Now that Robert Green has been forced to resign as president of the University of the District of Columbia, it is tempting to think that a dynamic and effective new president, like a knight in shining armor, will solve the university's problems. It's a temptation that we should avoid: Bob Green was only a part of UDC's problem.
While Green's fall from grace exposed the blatant political cronyism on the board and within the administration that needs urgent redress, a more hidden but equally damaging problem is the deep conflict over the university's mission that has divided faculty, residents and City Council members.
Charges of cronyism initially arose when Mayor Marion Barry handpicked 11 of the board's 15 trustees, including Herbert O. Reid Sr., his legal counsel and personal troubleshooter. Later, the mayor sent Dwight Cropp to work part time as an assistant to Green. Shortly after Green became president in September 1983, he made Cropp a UDC vice president and Cropp's old office hired a friend of Green's and a relative of a UDC board member for positions in the District Building.
"This is politicization of an institution in ways unprecedented in modern times," one UDC insider remarked this week.

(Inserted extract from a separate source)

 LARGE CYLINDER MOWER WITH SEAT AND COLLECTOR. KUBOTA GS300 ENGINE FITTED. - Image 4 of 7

While cronyism is a natural part of politics, it can be a dangerous game that can destroy the educational values of a university; indeed, cronyism begets cronyism. When politicians are granted the right to appoint a majority of the board of an institution of higher learning, the temptation is to make those appointments based on loyalty rather than solely on competence and ability. By selecting individuals, in some cases, on a political basis, Barry turned UDC into just another patronage slot.
The primary reason the UDC administration was able to become larded with cronyism in the first place was that the university lacked an appropriate system of checks and balances to prevent it. That is why the role of D.C. Auditor Otis H. Troupe is so important. It was in part a fiscal check by Troupe that brought to light Green's misspending of thousands of dollars in university funds. Appointed by the City Council chairman, Troupe is not under the mayor's thumb and provides an important check on the mayor's power from within the government.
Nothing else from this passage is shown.